Women's Hoops Blog

Inane commentary on a game that deserves far better


Sunday, August 28, 2005

How meaningless is the last reg-season away game, for a team with its playoff position already fixed, against a team that's already out of the playoffs?

For Bill Laimbeer and the Detroit Shock, pretty meaningless: Laimbeer started the end of his bench, gave 40 minutes to Barbara Farris, and gave Cash, Riley, Nolan and Ford DNPs.

Unsurprisingly, Washington won. Laurie Koehn played 25 minutes and made five of seven treys. Detroit stayed in it by getting free throw attempts, but made just 21 of 38.
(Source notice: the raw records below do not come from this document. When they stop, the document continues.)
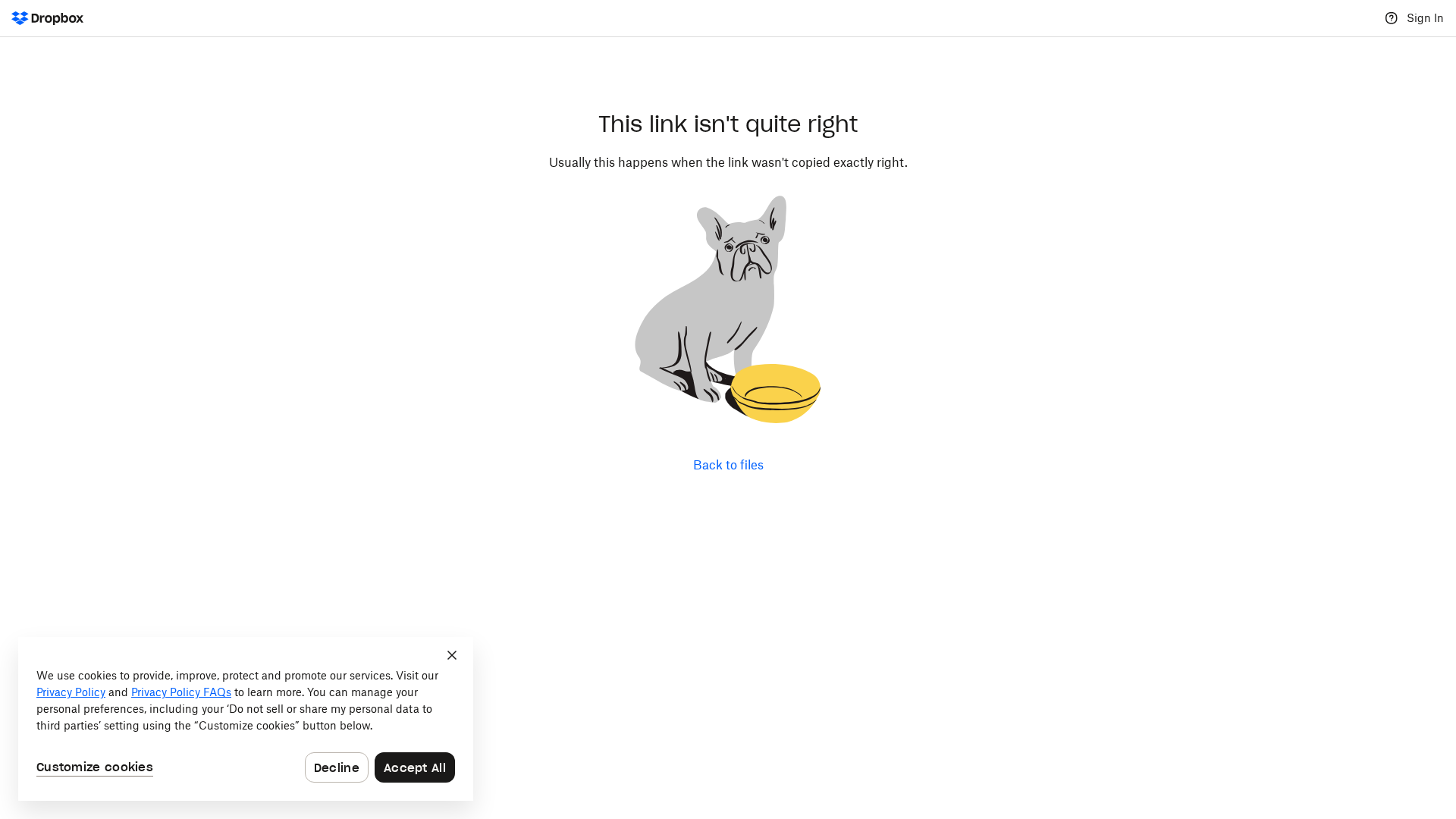 Screenshot of cdn.gosafemode.com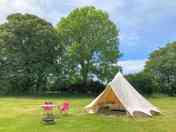 A gorgeous spot for wildlife spotting and alfresco dining (added by manager 19 Jun 2022)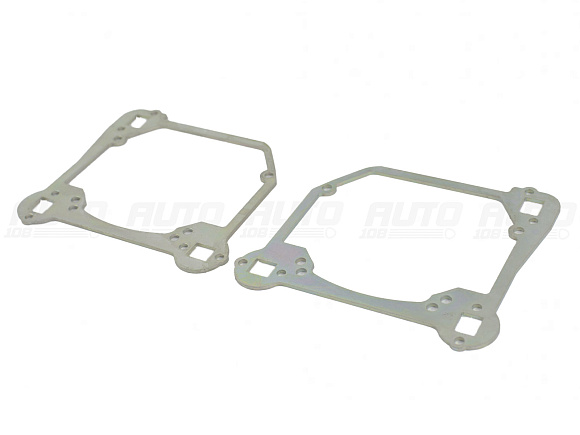 Переходная рамка Kia Magentis (2002-2006) - Hella 3 / 3R (к-т 2шт) 260 по выгодной цене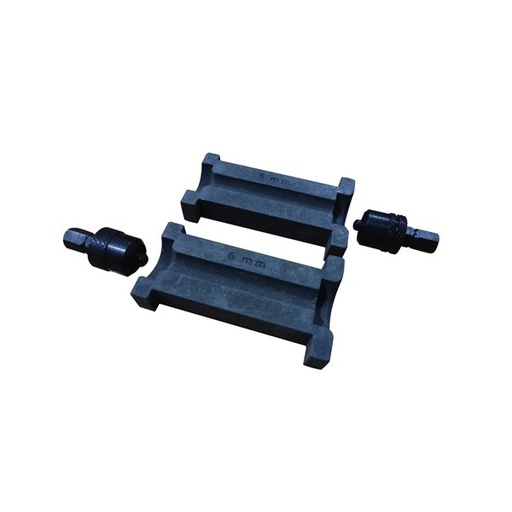 [180-027266] 027266 Flaremaster 2 - 6mm Die Set Upgrade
Alana Beard on yet another up-and-down season in Washington: "It was a hard year, the whole year, I'm not going to lie. I don't feel that I have played like I'm capable of playing.... Temeka had a great rookie year, and she's only going to get better. We're all going to get better. I love this organization, and I think we have a bright future."

For John Whisenant and the Monarchs, a game with no consequences had meaning enough to go for the win. A chaotic, foul-filled first half saw both teams under 10 at the ten-minute mark, serious minutes for the end of Sac's bench (Scott-Richardson, Buescher) and no Lynx points at all for the last few minutes-- a lousy way for Minnesota to end a very frustrating season.

Then Nicole Ohlde found her rhythm, and Amanda Lassiter (not normally an offensive threat) lit up. The Lynx evened the score at 36, fell behind, but stayed within one possession, and kept the momentum. Whisenant chose to send Yo Griffith back in: she took over the paint, scored a couple more points, and Sac went home with the win.

Without Walker or Lawson, the 'Narchs looked again like last year's team, engineered not to score, but to keep you from scoring. Without Hayden, the Lynx got absolutely hammered in rebounding: Sac had 17 offensive boards; Minnesota had three.

Coach McConnell-Serio got it right: "We went down swinging. [Sacramento] was a team that dominated the Western Conference this year, and they had their starters in the game until the end."

Ohlde: "I need to improve on everything -- improve my range, keep working on back-to-the-basket moves. I really wanted to improve myself this season, and I think I was really inconsistent." (No more so than your teammates, Nicole-- but we love the work ethic.)

Minnesota's attendance of 6.7K-- the lowest of any reg-season finale this year-- equals the Lynx season average, down again (by about 9%) from last year. The Mystics drew just 9K, another letdown given their history. Fans may debate the in-arena experience, but this year's best (Indiana, Seattle, Connecticut) and worst (Charlotte, Washington, San Antonio) attendance changes suggest that teams draw more fans mostly by winning.